- Born: November 23, 1978 (age 47) Chicago, Illinois, U.S.
- Education: San Francisco Art Institute
- Known for: Photography

= Daniel Postaer =

American photographer (born 1978)

Daniel Lee Postaer (born November 23, 1978) is an American photographer whose work explores identity, cultural memory, and the transformation of contemporary cities. Based in California, he is known for long-term projects in San Francisco and China, including the series Boomtown and Mother’s Land. His photographs have been shown internationally at venues such as Pier 24 Photography in San Francisco and Longmen Art Projects in Shanghai. Works by Postaer are held in the collections of the Metropolitan Museum of Art, the San Francisco Museum of Modern Art, the High Museum of Art, and Pier 24 Photography.

== Early life and education ==
Postaer was born in Chicago, Illinois. He studied photography at the San Francisco Art Institute, where he became immersed in the Bay Area’s photographic tradition. While at SFAI he studied under Henry Wessel, whose approach to observation and the everyday had a lasting impact on his practice.

== Career ==
In 2014 Postaer began the long-term series Mother’s Land, which developed over a decade and was exhibited internationally, including at Longmen Art Projects in Shanghai.
He has also photographed extensively in San Francisco for the series Boomtown, which documents urban change in the city.

His work has been included in major group exhibitions at Pier 24 Photography, such as This Land and Looking Forward.

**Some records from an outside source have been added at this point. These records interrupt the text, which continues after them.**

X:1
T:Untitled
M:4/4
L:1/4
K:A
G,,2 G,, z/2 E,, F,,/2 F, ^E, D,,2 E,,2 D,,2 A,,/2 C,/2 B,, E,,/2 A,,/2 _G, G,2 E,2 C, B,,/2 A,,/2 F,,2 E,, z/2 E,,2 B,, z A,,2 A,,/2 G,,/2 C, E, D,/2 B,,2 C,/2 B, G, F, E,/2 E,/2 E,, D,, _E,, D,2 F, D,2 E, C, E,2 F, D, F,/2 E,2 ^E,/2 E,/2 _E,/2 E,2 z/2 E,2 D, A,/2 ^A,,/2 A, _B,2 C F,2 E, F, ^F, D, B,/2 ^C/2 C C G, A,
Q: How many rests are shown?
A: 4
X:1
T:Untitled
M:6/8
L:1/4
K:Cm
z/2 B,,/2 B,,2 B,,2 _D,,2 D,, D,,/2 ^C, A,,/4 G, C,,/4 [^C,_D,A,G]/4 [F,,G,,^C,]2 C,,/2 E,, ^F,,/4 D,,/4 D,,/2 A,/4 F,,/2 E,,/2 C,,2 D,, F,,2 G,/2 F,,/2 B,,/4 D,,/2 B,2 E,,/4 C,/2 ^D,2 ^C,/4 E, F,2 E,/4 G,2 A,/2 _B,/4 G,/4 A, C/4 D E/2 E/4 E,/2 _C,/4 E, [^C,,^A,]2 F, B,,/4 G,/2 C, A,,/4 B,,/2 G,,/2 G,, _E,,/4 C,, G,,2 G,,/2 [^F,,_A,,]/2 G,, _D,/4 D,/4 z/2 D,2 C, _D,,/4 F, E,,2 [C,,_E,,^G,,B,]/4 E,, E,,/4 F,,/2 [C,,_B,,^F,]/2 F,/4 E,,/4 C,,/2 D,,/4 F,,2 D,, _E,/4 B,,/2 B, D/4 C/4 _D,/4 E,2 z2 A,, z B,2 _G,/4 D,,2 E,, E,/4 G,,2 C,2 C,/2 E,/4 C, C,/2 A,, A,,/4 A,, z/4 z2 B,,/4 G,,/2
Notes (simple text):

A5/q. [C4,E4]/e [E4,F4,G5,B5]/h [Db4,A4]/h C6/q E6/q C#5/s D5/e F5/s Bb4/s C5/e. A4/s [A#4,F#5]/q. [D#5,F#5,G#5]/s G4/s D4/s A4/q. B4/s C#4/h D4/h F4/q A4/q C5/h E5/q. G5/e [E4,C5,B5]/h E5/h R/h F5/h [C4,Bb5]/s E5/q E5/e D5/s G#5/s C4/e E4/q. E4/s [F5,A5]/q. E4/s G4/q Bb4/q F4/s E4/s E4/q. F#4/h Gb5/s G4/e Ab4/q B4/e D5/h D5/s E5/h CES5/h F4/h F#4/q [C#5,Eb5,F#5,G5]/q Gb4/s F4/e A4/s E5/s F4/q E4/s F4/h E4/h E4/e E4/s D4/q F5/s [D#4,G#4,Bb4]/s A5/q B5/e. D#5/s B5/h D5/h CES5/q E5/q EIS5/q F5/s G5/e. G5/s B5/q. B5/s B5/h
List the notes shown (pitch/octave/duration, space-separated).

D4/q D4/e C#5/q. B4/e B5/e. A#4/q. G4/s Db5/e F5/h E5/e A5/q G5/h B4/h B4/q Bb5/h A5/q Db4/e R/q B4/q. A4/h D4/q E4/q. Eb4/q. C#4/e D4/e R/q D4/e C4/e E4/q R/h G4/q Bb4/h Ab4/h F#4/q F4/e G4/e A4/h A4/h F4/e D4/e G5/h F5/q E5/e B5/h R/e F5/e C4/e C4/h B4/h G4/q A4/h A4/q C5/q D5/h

== Style and influences ==
Postaer’s work has been situated within the tradition of lyrical documentary, a term popularized by Walker Evans, for its blending of observation and poetic sensibility. Critics and writers have noted his pursuit of light and time, drawing comparisons to the photographs of Fan Ho in Hong Kong and to the observational practice of Henry Wessel in the American West. Postaer has described his projects, particularly Mother’s Land, as a way of linking personal and cultural memory across generations.

== Awards ==
- 2025 — Winner of the LensCulture New Visions Award in the "Place" category for Mother’s Land.

== Collections ==
Postaer’s work is included in the permanent collections of:
- Asian Art Museum, San Francisco
- Crocker Art Museum, Sacramento
- Fine Arts Museums of San Francisco
- High Museum of Art, Atlanta
- Metropolitan Museum of Art, New York
- Pier 24 Photography, San Francisco
- San Francisco Museum of Modern Art

== Selected exhibitions ==
- 2025 — LensCulture New Discoveries at Photo London 2025, Somerset House, London.
- 2025 — LensCulture Exhibition at Leica, New York, featuring New Visions Award winners (including Postaer).
- 2022–2023 — Looking Forward, Pier 24 Photography, San Francisco
- 2018 — The River: Frogtown Art Walk (Pop-Up Exhibition), Los Angeles.
- 2018–2019 — This Land, Pier 24 Photography, San Francisco
- 2017 — Motherland: Photographs 2014–2016, Longmen Art Projects, Shanghai.
- 2017 — Boomtown, PhotoFairs Shanghai, Shanghai
- 2016 — Homage, Sangha Gallery, Suzhou
- 2016 — Summer Group Show, EUQINOMprojects, San Francisco.
- 2016 — Motherland: Day One, Art {Currents} Space, Busan
- 2015 — Manifest Justice (Group Show), Los Angeles
- 2012 — Pretty Raw, curated by Linda Connor & Gabriele Rothemann; Expositur Vordere Zollamtstraße 3, Vienna.
- 2015 — Boomtown: Pictures of San Francisco, SFAI MFA Thesis Show, San Francisco

== Books ==
- Mother’s Land. Los Angeles: Deadbeat Club Press, 2025. With an essay by Christopher McCall.

== Press and reviews ==
Postaer’s photography has been noted for its attention to urban transformation, light, and the intersections of personal and cultural memory.

- Writing in the San Francisco Chronicle, Sam Whiting profiled Postaer’s early street photographs of San Francisco, which drew notice while he was still a student and were later acquired by Pier 24 Photography.
- In a review of This Land (2018), KQED Arts described how Postaer’s San Francisco photographs conveyed the “urban sublime,” juxtaposing the city’s extreme wealth with its visible dispossession.
- Writing in the San Francisco Examiner on the exhibition Looking Forward (2022), critic Max Blue highlighted Postaer’s ability to capture “the jarring juxtapositions of contemporary San Francisco.”
- LensCulture highlighted Postaer’s long-term project Mother’s Land (2025) for its blending of staged dioramas and unscripted scenes, describing the series as an exploration of memory, identity, and generational legacy in China.
- The Los Angeles Daily News noted his Los Angeles work in coverage of the Frogtown Art Walk (2018), describing his use of the L.A. River as a recurring subject.